Sounds like you have the right idea Marc. I'm just thinking about salt air corrosion and wood expansion. Maybe stabilized or plastic blanks would work better? But the image of working outdoors near the ocean sound good to me. Good luck...........


----------



## RMB (Feb 15, 2008)

Cool idea! how will you power your lathe? I'd imagine hooking it up to your truck battery through one of those transformer thingys would run down the battery pretty quick. How about a foot powered lathe? Ought to be easy enough to generate enough power to turn something as small as a pen. Wait, I forgot about generators... but those are noisy and smelly. 
Turning at the beach would be awesome! I usually just drink Coronas and fly a kite or something...


----------



## Proud_Poppa_of_2 (Feb 15, 2008)

Of course, if you were turning at the beach, you could display your pens for the tourists.  I'm sure you'd sell them as fast as you could make them.


----------



## GoodTurns (Feb 15, 2008)

he turns tree trims down by the truck tail.....

doesn't work as well as that "she sells seashells" thing, but why not?


----------



## Marc Phillips (Feb 15, 2008)

> _Originally posted by Ron in Drums PA_
> 
> So let me see if I understand you correctly.
> 
> ...



Not clandestine... just wanna be turning pens instead of watching I Love Lucy reruns in some motel room [xx(]

I was thinking that this might be a cool trick, and if set up right would attract pen buyers and also tourists to whatever parking lot I set up in... such as a gift shop  .... maybe....


----------



## Marc Phillips (Feb 15, 2008)

> _Originally posted by alamocdc_
> 
> Sounds like a plan, Marc, but I know I'd end up hurting myself w/such distractions. What can I say... I like females!DOH![}]



Yea... 
	

	
	
		
		

		
			





 ... showing a bikini clad hotster how to hold my tool... errr, how to make... uhh.... OK, better stop now


----------



## Marc Phillips (Feb 15, 2008)

> _Originally posted by RMB_
> 
> Cool idea! how will you power your lathe? I'd imagine hooking it up to your truck battery through one of those transformer thingys would run down the battery pretty quick. How about a foot powered lathe? Ought to be easy enough to generate enough power to turn something as small as a pen. Wait, I forgot about generators... but those are noisy and smelly.
> Turning at the beach would be awesome! I usually just drink Coronas and fly a kite or something...
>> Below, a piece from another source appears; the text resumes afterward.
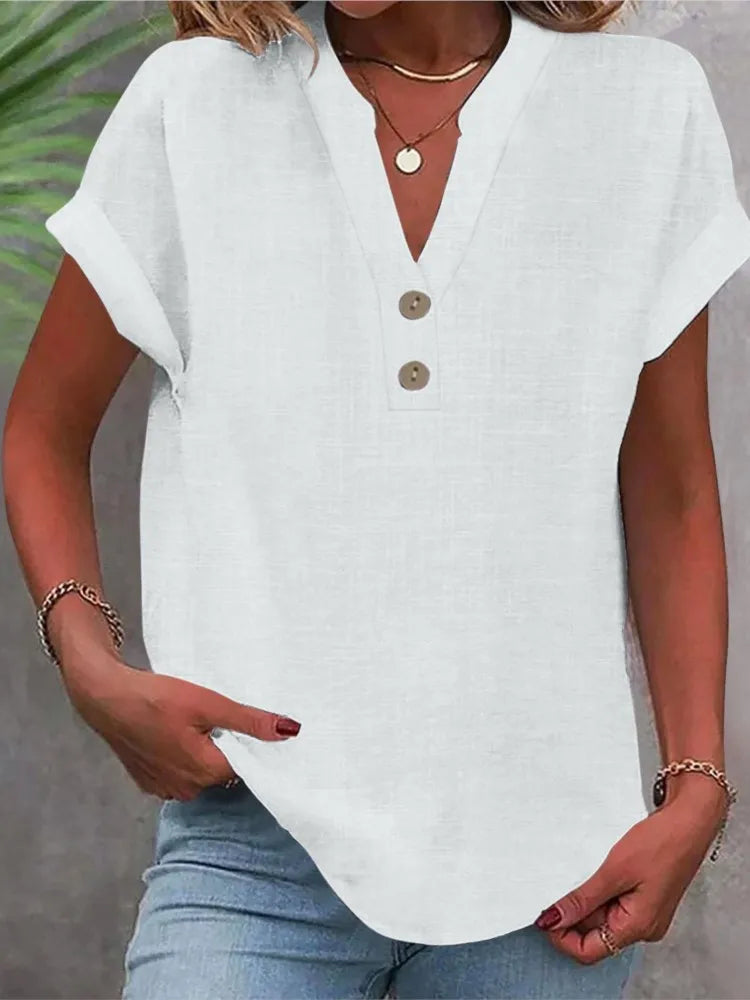 Cotton Linen Short Sleeved Breathable Shirt Summer Solid Color Fashion Stand Up Collar Button Down Women's Casual Office Shirt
I have an 800w inverter.... I am going to have to check and see how many amps I need to power the lathe.... if you get a bigger inverter the cost goes waaaaayyyy up, so a mini honda generator may be in order....


----------



## Ron in Drums PA (Feb 15, 2008)

> _Originally posted by Marc Phillips_
> 
> 
> 
> ...



You know I was joking around I just had the picture in my mind of some guy in a remote corner of a parking lot having to explain to a couple of cops that he is turning pens because he can't get enough of it when he's away from home.
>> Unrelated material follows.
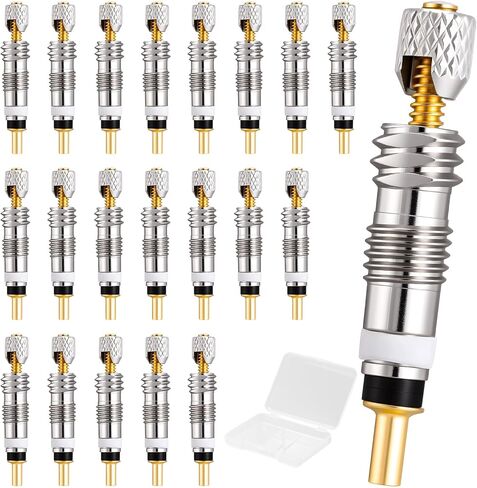 20PCS Professional Brass Presta Valve Core & STEM - صمامات صمام مقاومة للتسرب عالمي لإطارات الدراجة على الطريق/MTB بدون أنبوب (قياسي) in Kuwait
BTW There is a product on the market that converts 12v DC to 120v AC. Other than that, Have Fun!


----------



## mikemac (Feb 15, 2008)

My biggest concern would be someone deciding they liked your tool set-up so well, they would make it their own.  Without asking you.  At night.  While you're catching up on I Love Lucy reruns.


----------



## GaryMGg (Feb 15, 2008)

Presuming you're traveling in a pickup, I'd build a wooden tool box with doors that open out to the sides and put a shelf on Blum full-slide hinges. That way all you'd have to do is open the doors and slide the mini out. The tool box could be bolted to the bed so tilt wouldn't be an issue. Chisels could hang on the doors while they're closed and open.
The toolbox would be easy to build using a web frame construction.
I've got one that'd almost work 'cept it's got a center stile.

You comin' to the Feb 23rd get-together? Only five hours from Pensacola.


----------



## GBusardo (Feb 15, 2008)

> _Originally posted by RMB_
> 
> How about a foot powered lathe?



I am liking this idea!    I seen a guy work with a foot powered scroll saw, so maybe.........   This could be a gold mine on the weekends      How about a driftwood slimline??? or maybe a Palm Cigar?  hmmmm   It's soundin good!


----------



## GoodTurns (Feb 15, 2008)

jack up the back of the truck, put a belt around one of the rear tires, run it around the lathe drive, lock down the accelerator and you have all the power you need!


----------



## leehljp (Feb 15, 2008)

Marc,

Here is a link to a fellow wanting to turn pens in a mobile home: http://www.penturners.org/forum/topic.asp?TOPIC_ID=33595

The Taig may not be what you want to do, but with the right 12V motor, you wouldn't have to worry about needing a converter or 120v extension cord.

Find one of those bread stores/coffee restaurants (Paneras?) known for their wireless settups and you can turn in their parking lot and then go to the IAP web site when taking a break! Have your cake and eat it too!


----------



## pssherman (Feb 15, 2008)

Marc,
I think you will find that the 800W inverter will be more than enough for any mini lathe. That should be enough to power a 1 hp motor at full load.


----------



## ashaw (Feb 15, 2008)

No instead of the job.  Just rent another room.  Can you imagine the face on the cleaning people to vac all of the dust...


----------



## MikeInMo (Feb 15, 2008)

> _Originally posted by GoodTurns_
> 
> jack up the back of the truck, put a belt around one of the rear tires, run it around the lathe drive, lock down the accelerator and you have all the power you need!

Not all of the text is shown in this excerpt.